Autonomous vehicle technology is booming at the moment, with trials underway around the globe covering everything from self-navigating ships to robotic helicopter pilots. But perhaps the most activity, in terms of real world trials and applications, has been seen in the field of autonomous shuttle buses.
For several years we have seen a number of serious trials, and even permanent deployments, of self-driving buses. However, many autonomous vehicles have struggled to adapt to a variety of extreme weather conditions. Sensible 4, based in Finland, has been working to create functional autonomous systems that can safely operate in snow, fog and heavy rain.

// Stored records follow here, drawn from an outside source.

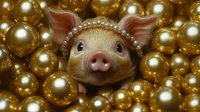 Adorable pig face with pearl crown surrounded by golden spheres and baubles creates whimsical holiday mood. Festive decorative composition on shiny background.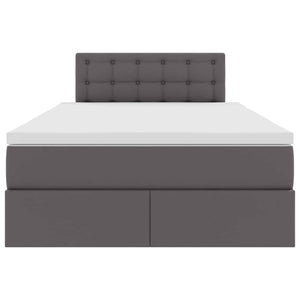 vidaXL Storage Bed with LED Grey 120 x 200 cm Faux Leather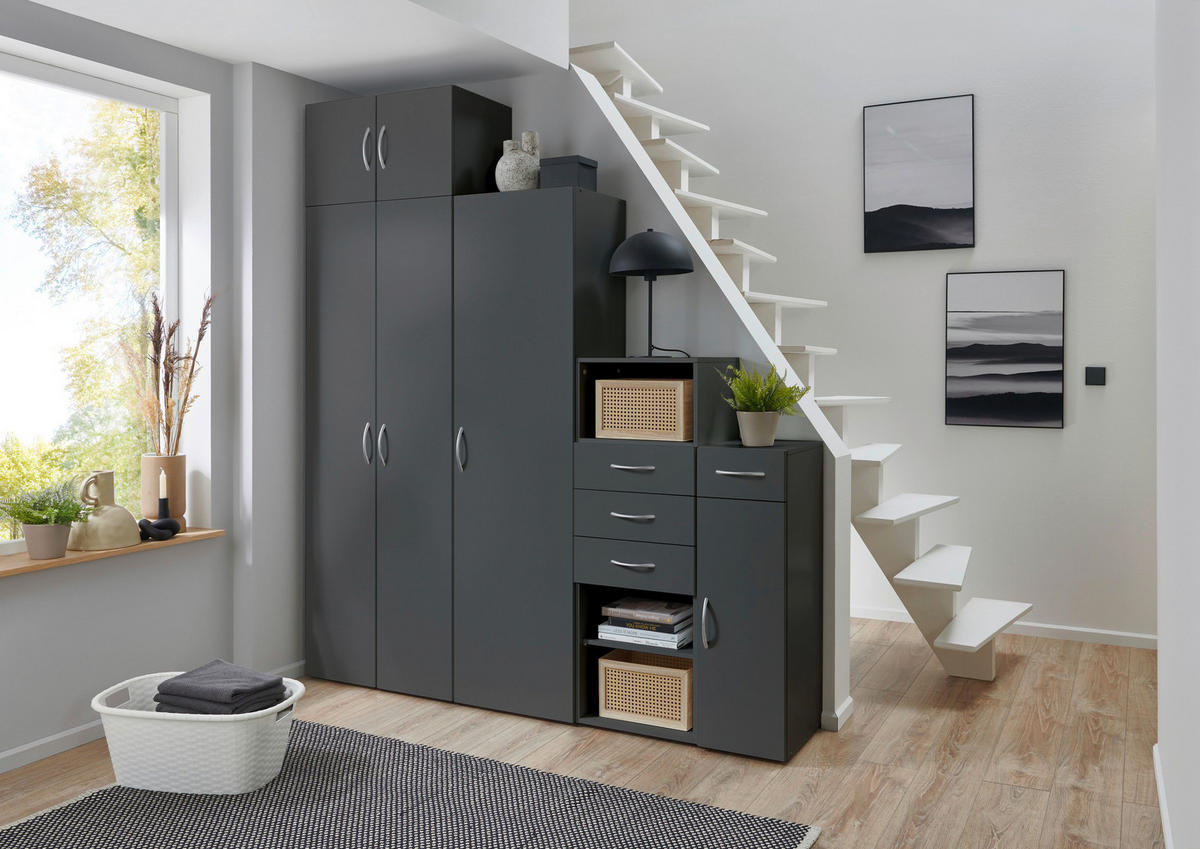 WÄSCHESCHRANK 40/185/40 cm  in Graphitfarben  - Alufarben/Graphitfarben, KONVENTIONELL, Holzwerkstoff/Kunststoff (40/185/40cm) - Xora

"We are developing these vehicles so that they can become part of daily transportation service chain," explains Sensible 4 CEO Harri Santamala. "Autonomous vehicles can't become mainstream until their technology has been insured to work in all climates."
After testing its technology in arctic Lapland conditions Sensible 4 has now joined forces with a team of designers from Japanese retail giant Muji to produce an autonomous shuttle bus. Called Gacha, the self-driving electric vehicles will undergo trials in three cities in Finland across 2019, with a goal of deploying a commercial fleet sometime in 2020.
Muji is known for its sleek minimalist retail aesthetic, primarily designing low-cost household objects, although this isn't the first time the company has branched out into automotive design. Back in 2001 Muji joined forces with Nissan to build a cheap, non-branded, small car. The Muji Car 1000 was a limited edition experiment, and probably only of interest to those consumers with a deep-seated devotion to absolute minimalism.
The new Gacha design is another stylish, yet relentlessly minimalist design from Muji. The small autonomous shuttle bus has no primary front or back, and can hold 16 passengers, 10 sitting and six standing. The design is relatively similar looking to some other small shuttles being trialed right now, but with a slightly more stylish, pod-like aesthetic.
"MUJI proposes a pleasant life," the two companies claim in a media statement. "This not only covers products for daily life but also the challenges faced by different communities."
The Gacha bus will make its public debut in March 2019 in Helsinki.